**Assignment:** Print exactly, and only, the lines from the one that has "Ulla Johnson Teal" through the end of the material below, with both ends included and the pictures omitted.

**Supplied information:**
Start of Block
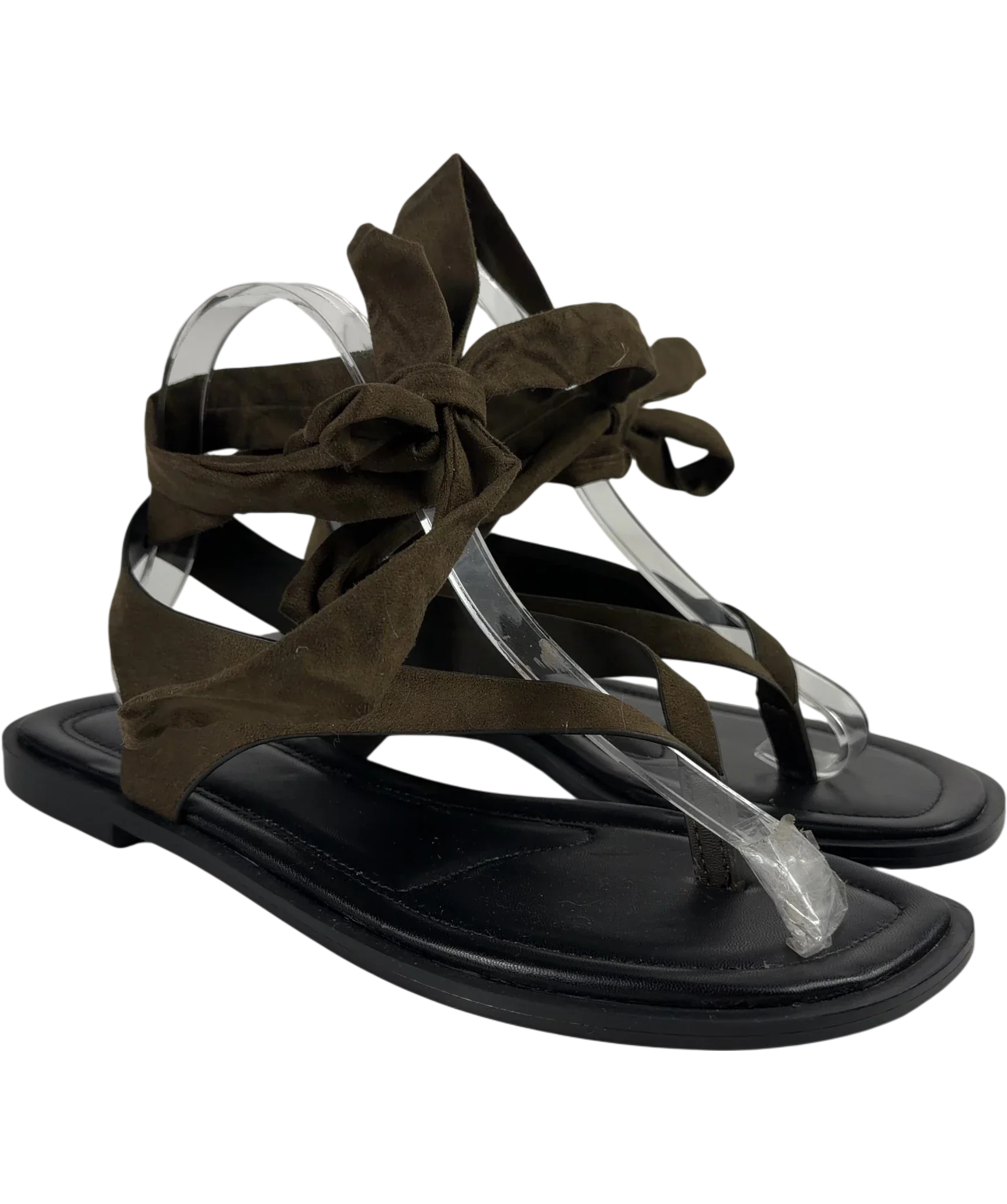 H&M Green Tie-detail sandals, size UK 5 EU 38 👠 — front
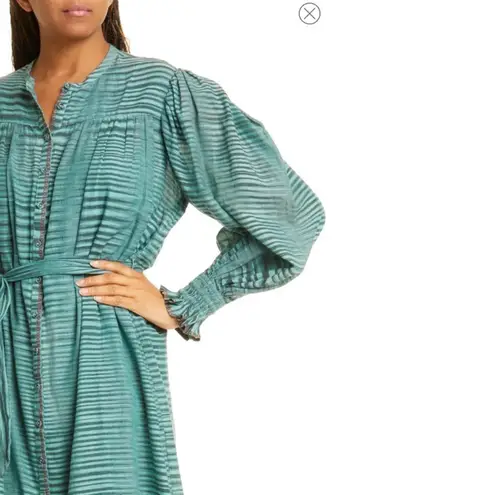Ulla Johnson Teal Fiora Piplin Cotton Striped Long Sleeve Midi Dress 8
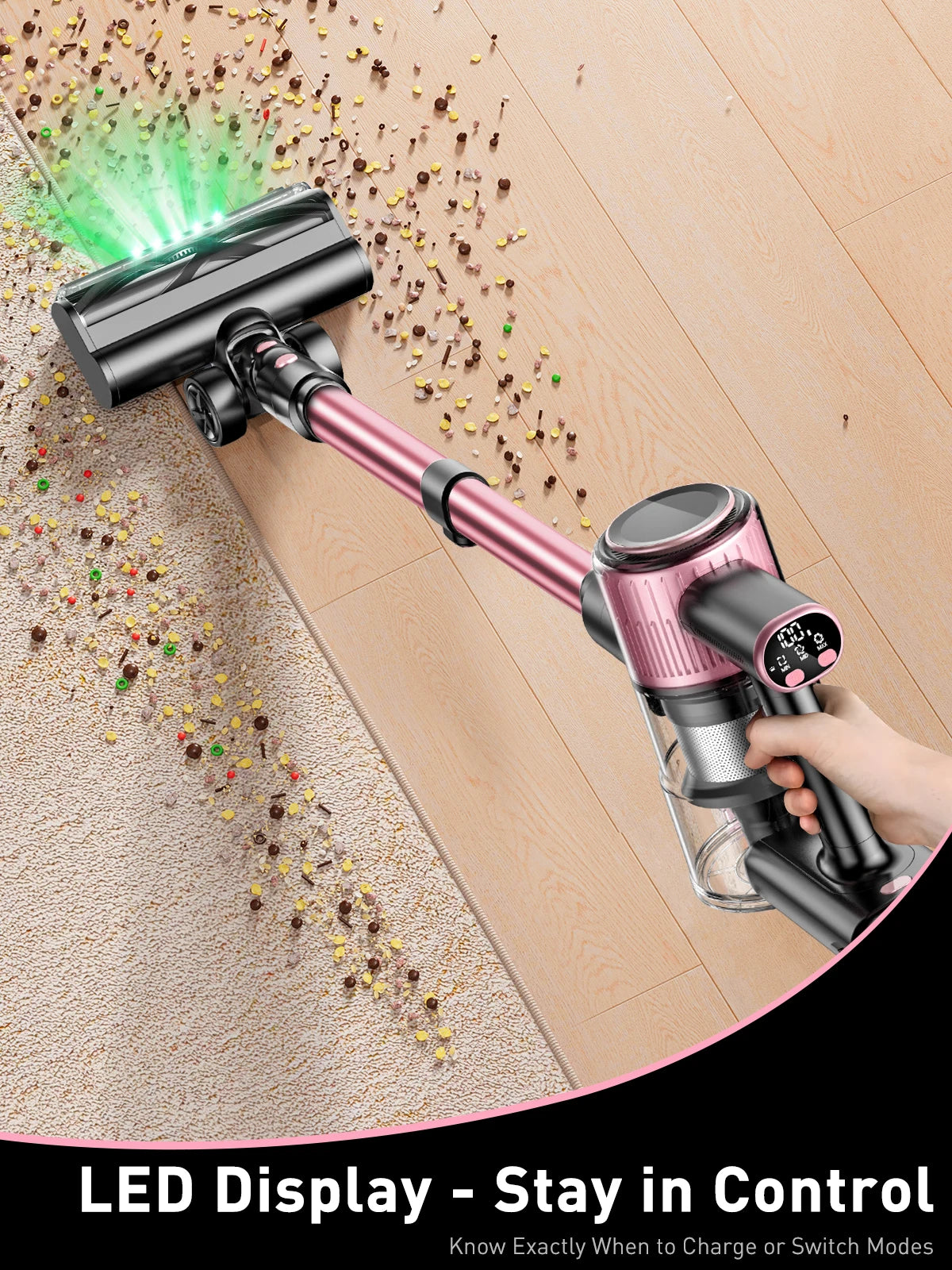 S Cordless Vacuum Cleaner 55Kpa 500W 45min 10 In 1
End of Block
**Solved problem:**
Ulla Johnson Teal Fiora Piplin Cotton Striped Long Sleeve Midi Dress 8
 S Cordless Vacuum Cleaner 55Kpa 500W 45min 10 In 1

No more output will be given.